_Exercise brief_. All lines from the one bearing "Support de parasol" through the end of the data below must be printed exactly as they stand, with pictures removed.

[Opening Given records section]

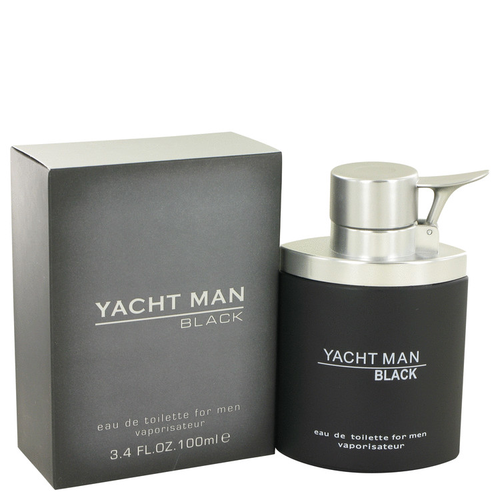 Yacht Man Black by Myrurgia Eau de Toilette Spray 100 ml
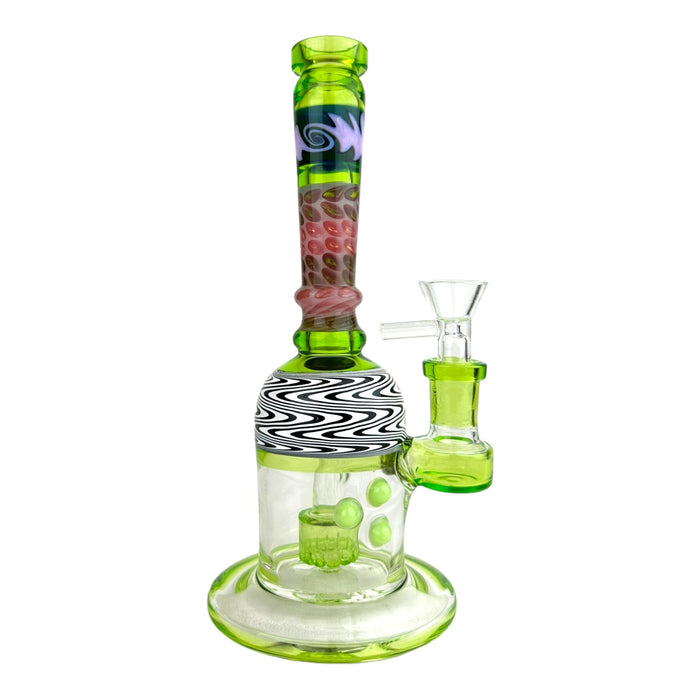 8.5" Art Work Glass Water Pipe "6019"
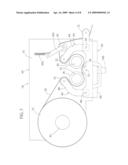 CARRIAGE FOR A STRETCH WRAPPING MACHINE diagram and image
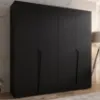 Obrazek Szafa Piano 1-200 czarny/czarny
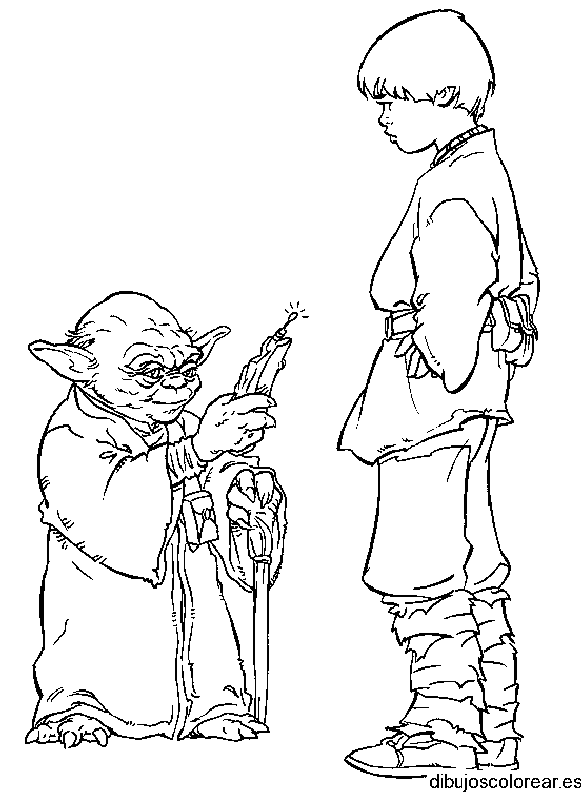 Dibujo de Anakin Skywalker
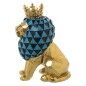 Figurine Décorative Alexandra House Living Doré Acrylique Plastique Mélamine Lion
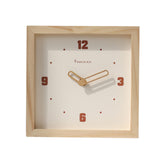 Maxbell Desk Shelf Clock Gifts Square Modern Decor Clock for Sturdy Office Farmhouse brown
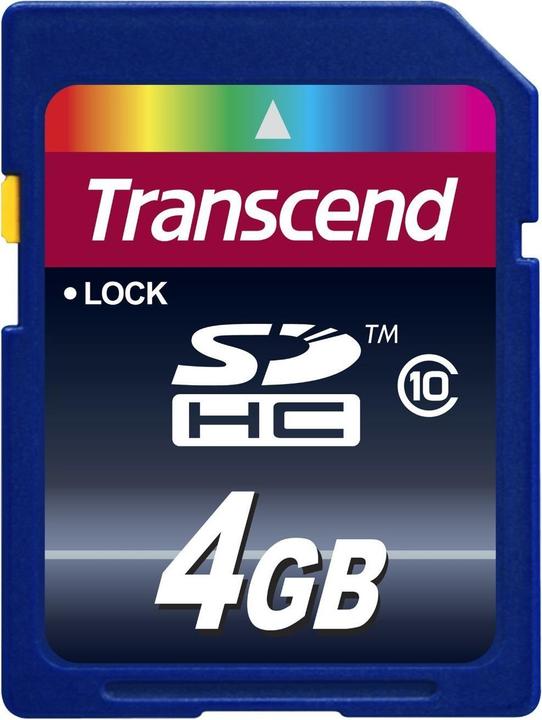 Produktbild Transcend SDHC 200x (4 GB, SDHC, U1, UHS-I)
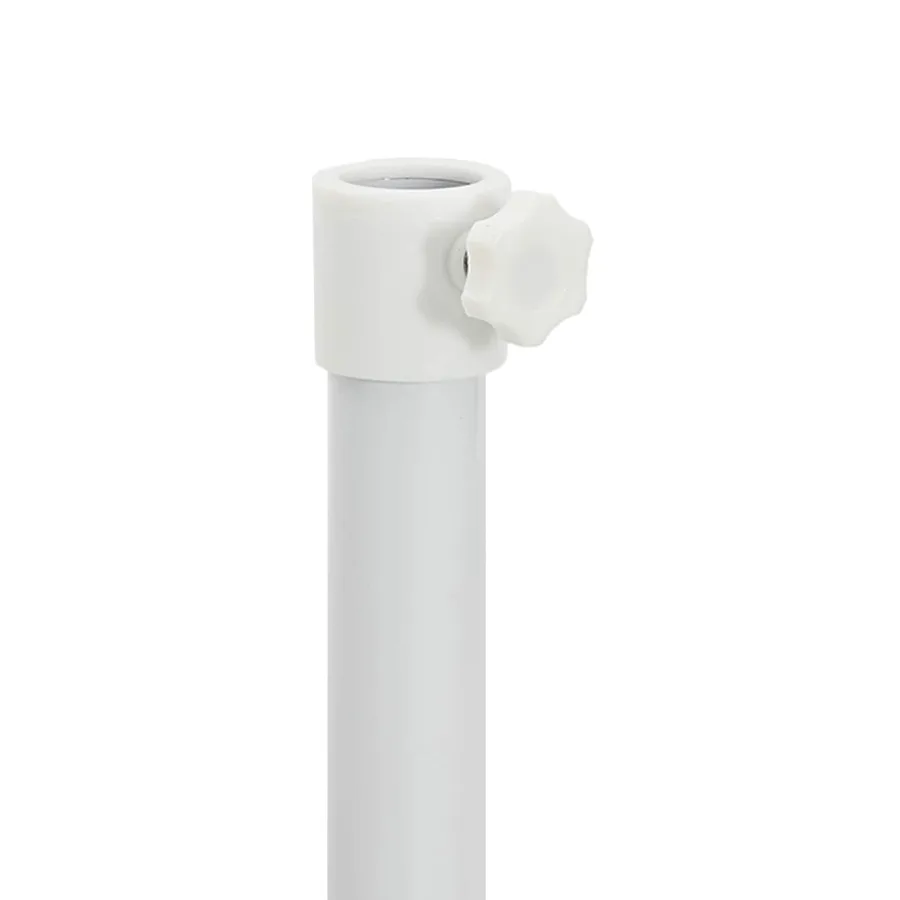 Support de parasol Blanc Acier for 25-32 mm Pole - 10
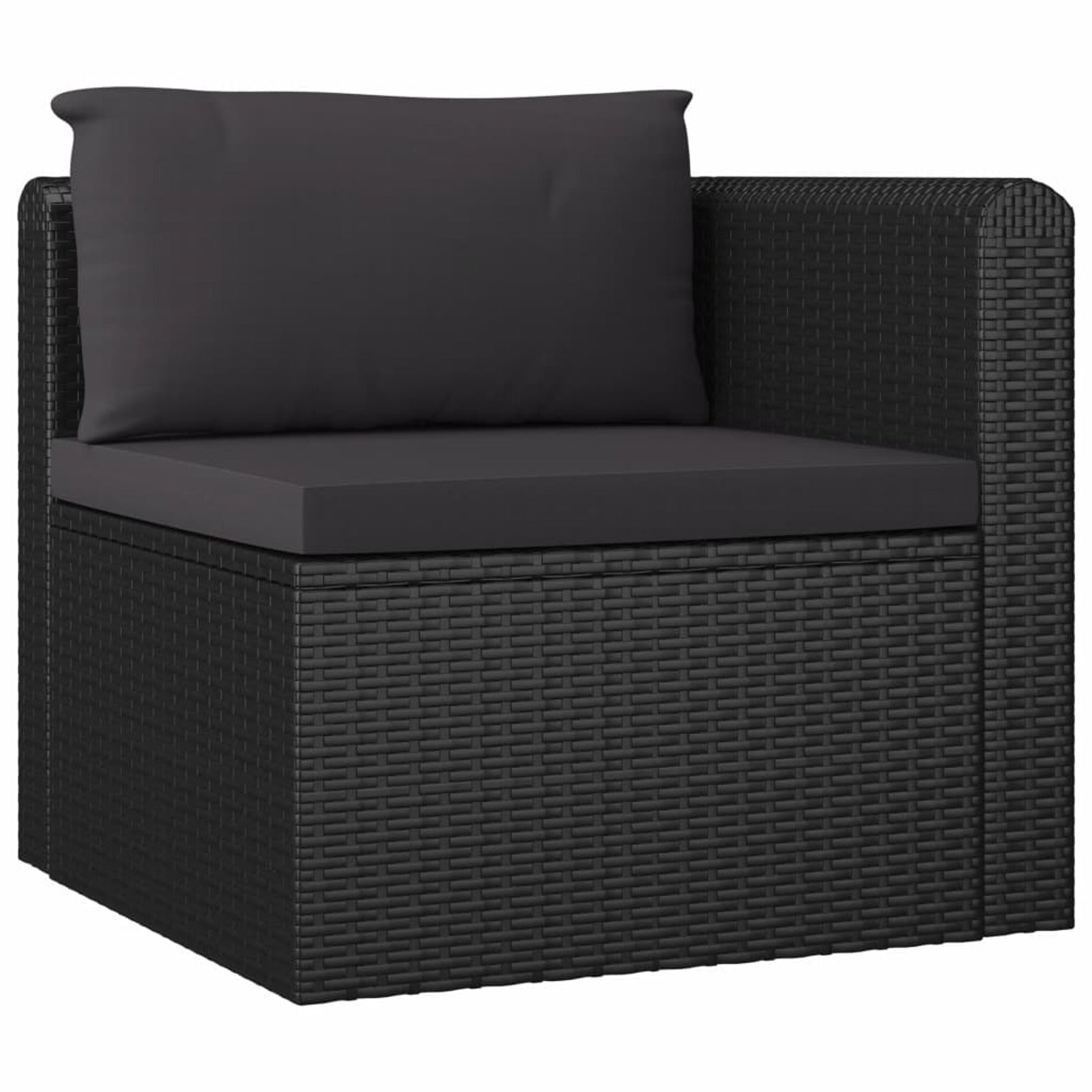 4 Piece Poly Rattan Patio Sofa Set with Cushions S1976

[Closing Given records section]

_Result_.
 Support de parasol Blanc Acier for 25-32 mm Pole - 10
 4 Piece Poly Rattan Patio Sofa Set with Cushions S1976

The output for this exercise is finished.